The Eurasian Sparrowhawk is
overall
the most common migrating raptor at Falsterbo.
As certainly indicated in this narrative, a substantial number of records have
been kept relating to the bird migration in Sweden during the last 60 years.
Rather interesting have been the trends, especially during the most recent
decades, that may relate to the global warming that's been taking place in
Sweden as it has in other parts of the world.
Some species, during their southbound migration, have recently been peaking
later in the season than they have in the past. Such species are given below,
noting how many days later their median date has been at Falsterbo
in the 2000's (thus far) compared to the
1970's:
Greylag Goose: 33 (from Sep 21 to Oct 24)
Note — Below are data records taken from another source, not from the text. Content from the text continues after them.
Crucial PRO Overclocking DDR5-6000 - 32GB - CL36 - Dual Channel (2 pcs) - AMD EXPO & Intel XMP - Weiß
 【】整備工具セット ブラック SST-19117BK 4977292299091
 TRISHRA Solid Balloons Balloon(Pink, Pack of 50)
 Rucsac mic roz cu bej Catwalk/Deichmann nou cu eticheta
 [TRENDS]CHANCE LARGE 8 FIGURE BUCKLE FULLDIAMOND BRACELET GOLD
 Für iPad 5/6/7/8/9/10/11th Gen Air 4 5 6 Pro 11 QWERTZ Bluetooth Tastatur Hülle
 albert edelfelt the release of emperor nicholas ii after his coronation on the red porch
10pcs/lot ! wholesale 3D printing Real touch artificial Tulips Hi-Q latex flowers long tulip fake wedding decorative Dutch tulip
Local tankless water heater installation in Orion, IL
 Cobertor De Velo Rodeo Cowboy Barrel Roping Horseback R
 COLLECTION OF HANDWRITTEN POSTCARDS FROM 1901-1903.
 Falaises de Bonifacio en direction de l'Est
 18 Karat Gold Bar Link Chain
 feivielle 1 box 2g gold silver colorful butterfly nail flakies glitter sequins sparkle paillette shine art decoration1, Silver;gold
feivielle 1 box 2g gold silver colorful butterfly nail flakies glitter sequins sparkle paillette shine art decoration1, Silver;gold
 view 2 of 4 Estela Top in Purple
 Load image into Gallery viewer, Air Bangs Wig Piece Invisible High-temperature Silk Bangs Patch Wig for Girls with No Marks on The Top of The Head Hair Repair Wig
Red Kite: 9 (from Sep 28 to Oct 7)
Whooper Swan: 8 (from Oct 30 to Nov 7)
Hen Harrier: 8 (from Oct 4 to Oct 12)
European Goldfinch: 8 (from Oct 21 to Oct 29)
Common Crane: 6 (from Sep 18 to Sep 24)
Stock Pigeon: 6 (from Oct 4 to Oct 10)
Western Jackdaw: 4 (from Oct 17 to Oct 21)
Common Buzzard: 3 (from Oct 5 to Oct 8)
Yellowhammer: 3 (from Oct 28 to Oct 31)
* * * * * * * * * * * * * * * * * * * * *
When we travel between Falsterbo and
Oland, it's about a 5-hour drive through
the Swedish countryside. We
usually stop for lunch, about midway, near the little town of Almhult. We did
again this year, having a meal such as Swedish meat balls with vegetables. The
food was good and all was well. It was a sunny, bright, and warm fall day.
Just outdoors, in the small trees, as we ate, some Great Tits were flitting about. It's always nice,
during a stop, when there's a bird or two with
us, and dapper ones at that.
But what was really interesting was that later, that evening, in the small
quaint hotel where we stayed, I read in a book that Carl
Linnaeus was born back
in 1701 on a farm by Almhult, very near where earlier
in the day we had eaten our
Swedish lunch.
Later, during our trip that day, in the afternoon, we stopped for gas in the small city
of Vaxjo. I also read that evening, in that same book, that Linnaeus had gone to
primary school in Vaxjo, the same city where, along the way, we got gas
and a snack.
In that part of Sweden, away from the towns and small cities, it's very much a land of
forests, lakes, farms, and fields.
Why would a man back in the 1700's in such a remote part of the world - and away
from the major cities of the time - be of interest to us, nowadays,
on a birding tour in 2007?
And who was this Carl Linneaus, anyway?
He's notable because every time that we look in a bird book we see something for
which he has been responsible, during more than the last two centuries, and for
which he'll continue to be, probably
forever.
In 1735, Carl Linneaus, the Swedish doctor and botanist, published the first
edition of his "Systema naturae", which contained the basis of the
modern taxonomy that's used today, for both flora and fauna.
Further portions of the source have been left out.